[Data under study]
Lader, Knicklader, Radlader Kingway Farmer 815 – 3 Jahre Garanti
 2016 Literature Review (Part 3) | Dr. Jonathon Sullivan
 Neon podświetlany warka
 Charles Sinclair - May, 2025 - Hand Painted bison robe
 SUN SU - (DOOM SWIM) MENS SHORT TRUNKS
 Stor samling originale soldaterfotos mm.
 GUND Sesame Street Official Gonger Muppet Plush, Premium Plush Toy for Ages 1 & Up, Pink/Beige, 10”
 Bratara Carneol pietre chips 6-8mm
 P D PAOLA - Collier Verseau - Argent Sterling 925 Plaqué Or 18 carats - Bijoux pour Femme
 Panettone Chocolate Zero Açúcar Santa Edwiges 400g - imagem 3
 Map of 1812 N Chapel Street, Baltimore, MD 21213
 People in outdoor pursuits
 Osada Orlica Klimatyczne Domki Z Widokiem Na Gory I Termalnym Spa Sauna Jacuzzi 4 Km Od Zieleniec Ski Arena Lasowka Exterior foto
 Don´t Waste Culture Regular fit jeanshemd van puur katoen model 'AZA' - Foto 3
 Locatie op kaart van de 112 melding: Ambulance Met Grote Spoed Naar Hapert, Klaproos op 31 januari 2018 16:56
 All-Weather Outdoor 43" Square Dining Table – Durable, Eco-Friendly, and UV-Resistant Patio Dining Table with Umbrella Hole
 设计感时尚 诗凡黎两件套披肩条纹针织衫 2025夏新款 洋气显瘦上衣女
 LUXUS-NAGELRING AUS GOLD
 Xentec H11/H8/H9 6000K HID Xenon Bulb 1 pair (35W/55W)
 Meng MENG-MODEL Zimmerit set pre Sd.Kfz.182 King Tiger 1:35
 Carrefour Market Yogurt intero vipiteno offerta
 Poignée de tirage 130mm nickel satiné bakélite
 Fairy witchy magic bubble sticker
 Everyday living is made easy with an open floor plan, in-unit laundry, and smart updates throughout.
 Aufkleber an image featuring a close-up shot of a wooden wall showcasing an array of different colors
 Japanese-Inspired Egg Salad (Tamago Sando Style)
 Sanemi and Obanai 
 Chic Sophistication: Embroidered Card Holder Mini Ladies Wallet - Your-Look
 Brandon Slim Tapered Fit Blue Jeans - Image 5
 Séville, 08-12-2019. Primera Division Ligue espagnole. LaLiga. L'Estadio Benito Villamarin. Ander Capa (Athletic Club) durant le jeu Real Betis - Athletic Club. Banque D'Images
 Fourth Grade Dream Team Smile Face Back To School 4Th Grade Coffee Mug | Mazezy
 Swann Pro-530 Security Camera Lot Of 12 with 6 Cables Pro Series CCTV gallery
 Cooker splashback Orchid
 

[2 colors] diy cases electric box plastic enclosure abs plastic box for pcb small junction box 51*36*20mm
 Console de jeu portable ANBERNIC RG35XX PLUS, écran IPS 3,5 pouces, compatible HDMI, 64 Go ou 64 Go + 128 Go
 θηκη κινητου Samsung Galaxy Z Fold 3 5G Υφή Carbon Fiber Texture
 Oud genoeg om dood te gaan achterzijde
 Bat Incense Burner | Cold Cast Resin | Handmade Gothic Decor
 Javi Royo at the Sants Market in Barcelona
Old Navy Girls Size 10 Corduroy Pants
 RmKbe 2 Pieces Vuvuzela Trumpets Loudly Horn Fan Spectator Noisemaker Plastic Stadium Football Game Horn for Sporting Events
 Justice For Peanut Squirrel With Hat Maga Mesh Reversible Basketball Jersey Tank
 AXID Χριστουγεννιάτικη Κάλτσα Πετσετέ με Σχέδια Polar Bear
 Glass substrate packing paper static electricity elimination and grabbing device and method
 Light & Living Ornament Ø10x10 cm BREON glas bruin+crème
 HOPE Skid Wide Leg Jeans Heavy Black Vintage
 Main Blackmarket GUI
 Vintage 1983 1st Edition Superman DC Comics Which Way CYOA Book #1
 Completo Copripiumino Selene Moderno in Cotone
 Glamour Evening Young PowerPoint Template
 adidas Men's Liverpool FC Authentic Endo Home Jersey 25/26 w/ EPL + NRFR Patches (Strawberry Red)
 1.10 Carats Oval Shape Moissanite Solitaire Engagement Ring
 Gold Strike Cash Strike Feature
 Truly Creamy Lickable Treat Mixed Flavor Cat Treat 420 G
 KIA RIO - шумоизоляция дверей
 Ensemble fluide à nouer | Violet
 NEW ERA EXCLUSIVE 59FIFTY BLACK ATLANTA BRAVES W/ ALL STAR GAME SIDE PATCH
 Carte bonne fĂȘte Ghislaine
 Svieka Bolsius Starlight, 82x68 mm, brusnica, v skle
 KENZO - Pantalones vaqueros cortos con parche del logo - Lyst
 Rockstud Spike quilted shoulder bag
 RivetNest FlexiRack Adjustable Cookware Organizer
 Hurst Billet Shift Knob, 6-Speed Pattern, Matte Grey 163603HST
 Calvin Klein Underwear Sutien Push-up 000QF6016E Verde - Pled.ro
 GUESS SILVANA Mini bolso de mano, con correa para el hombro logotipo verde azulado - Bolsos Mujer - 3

[What you should do]
The lines above that hold the string "Street" are to be located and copied.

[Response]
 GUND Sesame Street Official Gonger Muppet Plush, Premium Plush Toy for Ages 1 & Up, Pink/Beige, 10”
 Map of 1812 N Chapel Street, Baltimore, MD 21213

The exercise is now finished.